→ **INFORMATION PROVIDED**:
------------------------
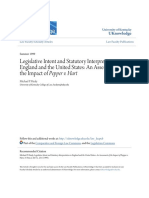 Legislative Intent and Statutory Interpretation in England and Th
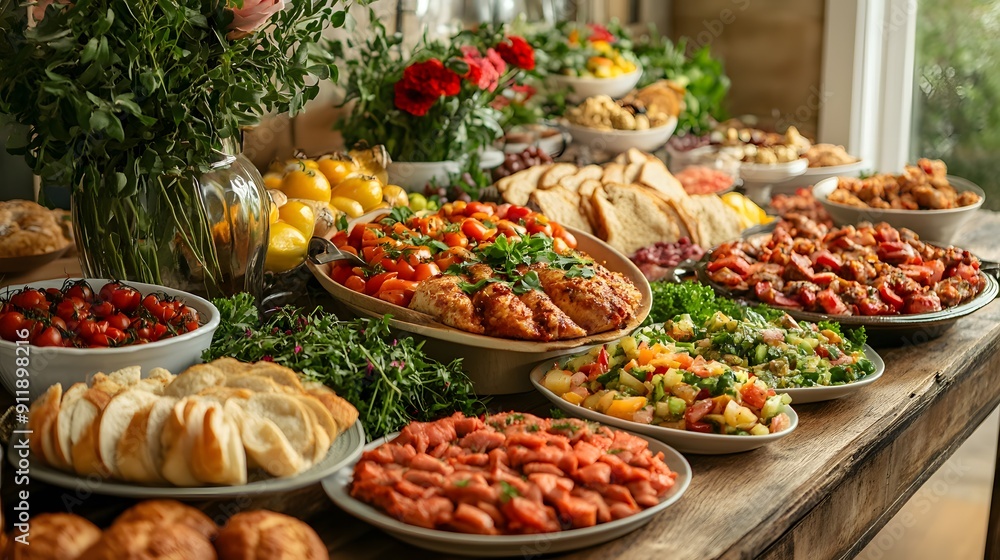 Bountiful Feast. Abundant food spread on a table featuring a mix of dishes concept Bountiful Feast. Abundant food spread on a table featuring a mix of dishes concept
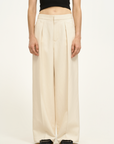 Draped Linen-Blend Wide-Leg Pants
------------------------
→ **TASK DIRECTIONS**: The entire listing is to be printed exactly, with each picture omitted.

→ **OUTPUT FOR THIS TASK**:
 Legislative Intent and Statutory Interpretation in England and Th
 Bountiful Feast. Abundant food spread on a table featuring a mix of dishes concept Bountiful Feast. Abundant food spread on a table featuring a mix of dishes concept
 Draped Linen-Blend Wide-Leg Pants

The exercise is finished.